# What to work on
Set out the listing word for word. End with the line that contains "Fiber Optic Systems".
★ ★ ★ ★ ★
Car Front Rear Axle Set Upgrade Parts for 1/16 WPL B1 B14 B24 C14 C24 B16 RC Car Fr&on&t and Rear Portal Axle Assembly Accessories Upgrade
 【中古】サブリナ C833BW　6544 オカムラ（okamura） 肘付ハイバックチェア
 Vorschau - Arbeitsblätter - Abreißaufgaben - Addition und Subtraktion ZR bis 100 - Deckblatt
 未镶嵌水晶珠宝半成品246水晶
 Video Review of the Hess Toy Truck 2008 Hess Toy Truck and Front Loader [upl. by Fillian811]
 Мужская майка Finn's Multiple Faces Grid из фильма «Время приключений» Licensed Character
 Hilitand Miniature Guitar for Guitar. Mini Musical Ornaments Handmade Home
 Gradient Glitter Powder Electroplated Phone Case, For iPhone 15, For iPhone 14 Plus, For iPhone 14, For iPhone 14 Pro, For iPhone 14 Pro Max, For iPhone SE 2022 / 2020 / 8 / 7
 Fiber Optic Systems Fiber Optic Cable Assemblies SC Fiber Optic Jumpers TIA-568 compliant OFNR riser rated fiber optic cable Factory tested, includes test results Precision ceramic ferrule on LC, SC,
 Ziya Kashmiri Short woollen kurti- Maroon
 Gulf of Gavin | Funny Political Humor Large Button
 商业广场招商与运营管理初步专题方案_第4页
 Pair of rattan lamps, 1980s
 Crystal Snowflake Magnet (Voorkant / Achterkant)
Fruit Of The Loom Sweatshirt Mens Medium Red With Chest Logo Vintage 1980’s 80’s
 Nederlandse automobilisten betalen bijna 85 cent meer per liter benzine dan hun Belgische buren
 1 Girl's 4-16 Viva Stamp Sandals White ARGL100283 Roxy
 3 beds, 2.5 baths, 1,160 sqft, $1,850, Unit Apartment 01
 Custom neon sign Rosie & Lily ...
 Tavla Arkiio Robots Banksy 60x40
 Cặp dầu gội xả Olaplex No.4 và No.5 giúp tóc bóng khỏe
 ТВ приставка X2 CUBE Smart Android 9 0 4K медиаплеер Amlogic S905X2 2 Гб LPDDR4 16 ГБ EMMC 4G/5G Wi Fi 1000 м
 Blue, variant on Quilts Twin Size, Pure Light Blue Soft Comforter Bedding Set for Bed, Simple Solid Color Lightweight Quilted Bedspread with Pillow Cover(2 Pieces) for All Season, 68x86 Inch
★ ★ ★ ★ ★
# Response to this exercise
Car Front Rear Axle Set Upgrade Parts for 1/16 WPL B1 B14 B24 C14 C24 B16 RC Car Fr&on&t and Rear Portal Axle Assembly Accessories Upgrade
 【中古】サブリナ C833BW　6544 オカムラ（okamura） 肘付ハイバックチェア
 Vorschau - Arbeitsblätter - Abreißaufgaben - Addition und Subtraktion ZR bis 100 - Deckblatt
 未镶嵌水晶珠宝半成品246水晶
 Video Review of the Hess Toy Truck 2008 Hess Toy Truck and Front Loader [upl. by Fillian811]
 Мужская майка Finn's Multiple Faces Grid из фильма «Время приключений» Licensed Character
 Hilitand Miniature Guitar for Guitar. Mini Musical Ornaments Handmade Home
 Gradient Glitter Powder Electroplated Phone Case, For iPhone 15, For iPhone 14 Plus, For iPhone 14, For iPhone 14 Pro, For iPhone 14 Pro Max, For iPhone SE 2022 / 2020 / 8 / 7
 Fiber Optic Systems Fiber Optic Cable Assemblies SC Fiber Optic Jumpers TIA-568 compliant OFNR riser rated fiber optic cable Factory tested, includes test results Precision ceramic ferrule on LC, SC,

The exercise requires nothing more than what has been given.